Thank heavens for pilots. Strong, strapping individuals. Cloud overlords. Flawless humans that spit in the face of physics. It very much helps to think that the one pair of hands that stands between sailing gracefully through the air and nosediving towards the ocean belongs to basically an emotionless robot, programmed to get your butt back on terra firma without spilling your drink. So maybe don’t watch a movie where it’s revealed that – spoiler! – pilots are people too, and they have addictions just like you and I, and sometimes those addictions get taken into the cockpit. We recommend you just ceaselessly watch that little blinking dot move slowly towards Benidorm on the fancy map and hope your pilot is as boring as he sounds on the intercom.

‘Knowing’ (2009)

Knowing (2009) Credit: Summit Entertainment
Knowing (2009) Credit: Summit Entertainment

This is a very silly apocalyptic movie indeed – any film where Nicolas Cage is called upon to yell lines like “THE CAVES CAN’T SAVE US!” isn’t going to give you too many nightmares. However – and here’s the clincher – it does feature one of the most stomach-churning plane crash sequences ever committed to film. It’s shot from the ground – as if that helps, your knuckles whitening from clutching your complimentary G&T – in one unblinking sequence, showing the plane stuttering in the air before landing with a bump. Aren’t there any other Nicolas Cage movies showing that you’d rather watch on your flight? Hmm… ‘The Wicker Man’? You resume watching the plane crash movie with a heavy heart.

‘United 93’ (2006)

United 93 (2006) Credit: Universal Pictures
United 93 (2006) Credit: Universal Pictures

Paul Greengrass’s account of that fateful day in September 2001 is a difficult watch on land, sea or air, but there’s a reason you’ll see a big gap between ‘Union Pacific’ and ‘Universal Soldier’ on your in-flight movie catalogue – no one needs to be reminded of 9/11 when they’re a mile into the sky. It’s actually one of the more level-headed movies to address the events of September 11th, but that doesn’t get around the fact that watching ‘United 93’ while on a plane is a bit like watching ‘Titanic’ on a cruise liner or watching ‘Dante’s Peak’ as you’re squatting over an active volcano.

‘Flightplan’ (2005)

Flight Plan (2005) Credit:
Flight Plan (2005) Credit:

In reality, flights are quite dull. The most exciting thing that can feasibly happen to you mid-flight is that some kid kicks the back of your chair and you spend the rest of the trip fantasising of karate chopping them in the throat. The last thing your under-stimulated imagination needs is to be ignited by an Agatha Christie-esque missing persons mystery in the skies. Before you know it, you’re questioning the sweet German backpackers in front of you to find out what happened to your absent peanuts, rifling through the bins in the stewards’ department for clues and searching for the pilot’s Twitter account to see if this thing goes all the way to the top.

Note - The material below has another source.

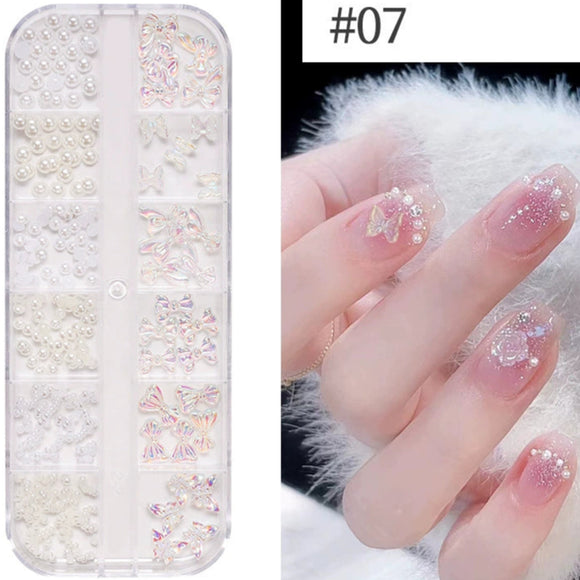 Nail Decoration - Bows & Pearls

‘Final Destination’ (2000)

Final Destination (2000) All aboard - Credit: New Line
Final Destination (2000) All aboard – Credit: New Line

You just wanted to watch a good old-fashioned movie about American teenagers being brutally murdered one by one, but all of sudden, you’re being confronted with images of a mid-flight explosion, as passengers are sucked from the back of what used to be Flight 180 and spat into the merciless black night. The perfect time to regret watching this movie was definitely last night, and not right now, in the sky, literally up in the clouds, mocking the heavens, the sun glinting off your plane’s rear carriage as if it’s mooning fate itself. You could have read a book, but you had to watch a movie, this movie, on this, the last day before Death catches up with you. You start writing one tearful final text to your family members before you realise you touched down at Heathrow 15 minutes ago. Sweet! ‘Final Destination 2’ for the long car ride home?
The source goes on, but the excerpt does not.